On a whirlwind publicity jaunt for ‘Raising Hope’ recently, Leachman is fresh from shooting the series the week before, then flying to Kansas City to perform her one-woman show, then on to Warren, Ohio, the next day for a speech.
Watch This Week’s Episode of ‘Raising Hope’ — Guest Starring Jason Lee — on xfinityTV.com
Sure, she claims to be exhausted (with a theatrical display of collapsing in her chair). But during an interview at Associated Press headquarters, she is a cutup. And during her entrance and exit, she stops at every desk to speak — and eagerly interrogate — all the journalists in her path.

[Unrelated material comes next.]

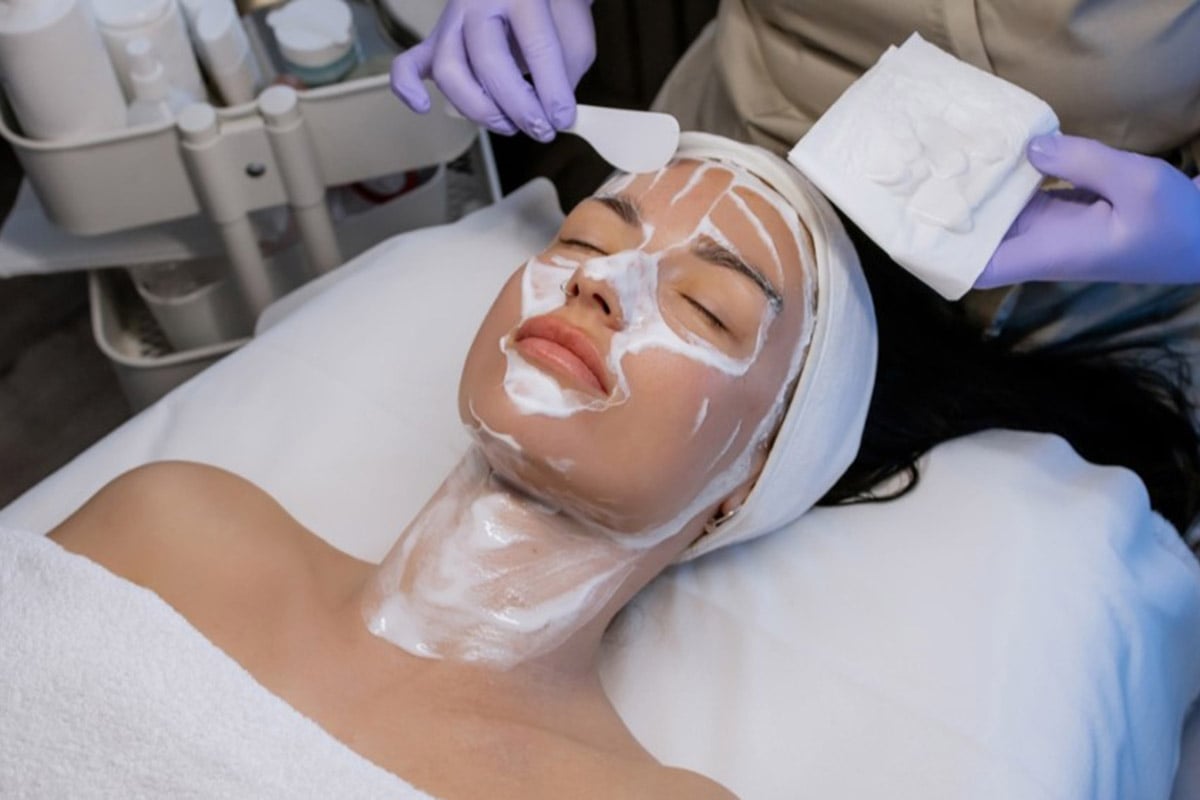 Καθαρισμός vs Θεραπείες λάμψης – Τι να κάνετε πρώτο;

She is accompanied by her son, George Englund Jr., who is also her manager.
“He says managing me is like herding cats,” she confides, then, with precision timing, adds, “George, don’t you think it’s because I’m left-handed and right-brained?”
“I think that her right brain has consumed her left brain,” he responds mock-wearily, “and it’s sitting over there pretending to be a left brain like it has logic and stuff — but there isn’t any.”

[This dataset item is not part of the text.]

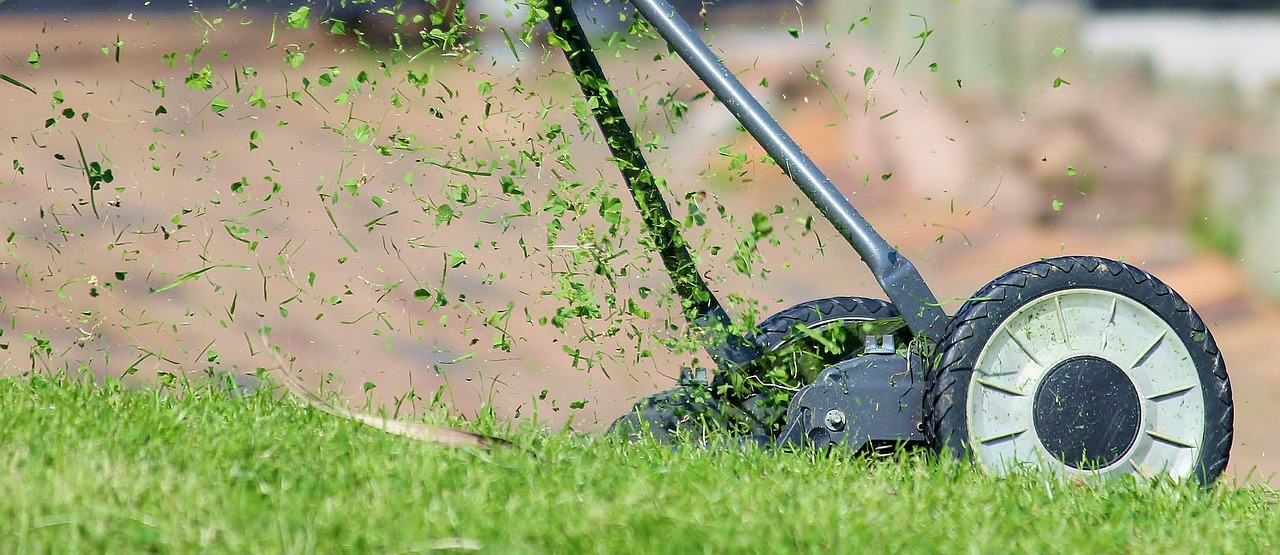 Slimme bewateringssensor in groene tuin geïnstalleerd. Slimme bewateringssensor in groene tuin geïnstalleerd.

“It’s a wonderful way to live,” she declares. “I’m so happy. I’m never upset or depressed.”
Not that she can’t be sharply outspoken. Unbidden, she lists three prominent people she doesn’t care for, including an Oscar-winning actor (“Can’t stand him”); a major politician’s wife (“The biggest pill!”); and a well-known TV personality (“He thinks he’s the big cheese: Limburger”).
“But those are the only three people I don’t like,” she sums up.
A native of Iowa who grew up outside Des Moines in an isolated home without running water, she began piano lessons as a child. Since the family couldn’t afford a piano, she practiced on a cardboard drawing of piano keys. She briefly studied theater at Northwestern University and competed in the Miss America pageant in 1946. She landed in New York soon thereafter, won roles in the theater and in the emerging world of live TV drama, as well as film.
After 60-plus years (with eight prime-time Emmys among her cache of honors), Leachman says she has always treated acting as something of a lark.
She recalls her role as sneering, domineering Nurse Diesel in the 1977 Mel Brooks comedy ‘High Anxiety,’ set in a mental institution.
Waiting in costume in her trailer on the first day of production, she idly gave Nurse Diesel a comically repugnant accent: the trace of a mustache.
“I was by myself with an eyebrow pencil, just doing nothing. Then they called me to the set and we started working. And we never changed it after that. So I had to put on this mustache every day. I had never intended to wear it. I was just entertaining myself in my trailer.”
“She makes choices all the time,” says her son with an amazed shake of his head. “I’m with her every day and I still have no idea what she’s going to do next. Just hold onto your hat!”
Hearing that, Leachman chuckles and considers the question, is she spared from vanity’s constraints?
“I have pride,” she sort of replies. “I have to be clean. I take a bath. That’s what starts it. Then I just go to the end. It starts with a bath.”